Return only what lies between the first line of the entries and the line containing "مخلوط کن پروجت", both lines included.

(Dataset entries)
=== Begin Enclosure ===

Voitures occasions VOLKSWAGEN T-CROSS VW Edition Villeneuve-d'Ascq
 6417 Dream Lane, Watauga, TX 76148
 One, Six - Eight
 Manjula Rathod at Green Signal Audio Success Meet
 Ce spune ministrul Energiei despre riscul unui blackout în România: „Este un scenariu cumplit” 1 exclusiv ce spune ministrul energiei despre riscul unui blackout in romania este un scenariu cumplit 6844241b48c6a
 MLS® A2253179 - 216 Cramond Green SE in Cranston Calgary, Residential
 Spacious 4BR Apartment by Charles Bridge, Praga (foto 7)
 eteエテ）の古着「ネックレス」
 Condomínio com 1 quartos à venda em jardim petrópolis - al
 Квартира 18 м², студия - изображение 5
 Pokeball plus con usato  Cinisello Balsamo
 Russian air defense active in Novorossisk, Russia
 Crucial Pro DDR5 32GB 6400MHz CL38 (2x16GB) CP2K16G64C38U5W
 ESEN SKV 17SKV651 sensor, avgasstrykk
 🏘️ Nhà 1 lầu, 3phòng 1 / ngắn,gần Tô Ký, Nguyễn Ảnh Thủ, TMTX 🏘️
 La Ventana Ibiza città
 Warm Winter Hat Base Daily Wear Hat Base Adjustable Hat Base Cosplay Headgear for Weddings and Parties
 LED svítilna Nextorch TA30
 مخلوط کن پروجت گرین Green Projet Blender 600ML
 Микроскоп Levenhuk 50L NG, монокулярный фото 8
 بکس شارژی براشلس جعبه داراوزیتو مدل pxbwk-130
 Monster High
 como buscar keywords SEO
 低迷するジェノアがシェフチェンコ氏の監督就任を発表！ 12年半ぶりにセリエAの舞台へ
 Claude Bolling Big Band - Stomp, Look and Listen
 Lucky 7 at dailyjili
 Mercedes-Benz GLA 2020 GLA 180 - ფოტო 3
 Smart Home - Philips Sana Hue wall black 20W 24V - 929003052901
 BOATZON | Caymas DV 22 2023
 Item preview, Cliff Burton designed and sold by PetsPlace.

=== End Enclosure ===

- Response to this exercise
Voitures occasions VOLKSWAGEN T-CROSS VW Edition Villeneuve-d'Ascq
 6417 Dream Lane, Watauga, TX 76148
 One, Six - Eight
 Manjula Rathod at Green Signal Audio Success Meet
 Ce spune ministrul Energiei despre riscul unui blackout în România: „Este un scenariu cumplit” 1 exclusiv ce spune ministrul energiei despre riscul unui blackout in romania este un scenariu cumplit 6844241b48c6a
 MLS® A2253179 - 216 Cramond Green SE in Cranston Calgary, Residential
 Spacious 4BR Apartment by Charles Bridge, Praga (foto 7)
 eteエテ）の古着「ネックレス」
 Condomínio com 1 quartos à venda em jardim petrópolis - al
 Квартира 18 м², студия - изображение 5
 Pokeball plus con usato  Cinisello Balsamo
 Russian air defense active in Novorossisk, Russia
 Crucial Pro DDR5 32GB 6400MHz CL38 (2x16GB) CP2K16G64C38U5W
 ESEN SKV 17SKV651 sensor, avgasstrykk
 🏘️ Nhà 1 lầu, 3phòng 1 / ngắn,gần Tô Ký, Nguyễn Ảnh Thủ, TMTX 🏘️
 La Ventana Ibiza città
 Warm Winter Hat Base Daily Wear Hat Base Adjustable Hat Base Cosplay Headgear for Weddings and Parties
 LED svítilna Nextorch TA30
 مخلوط کن پروجت گرین Green Projet Blender 600ML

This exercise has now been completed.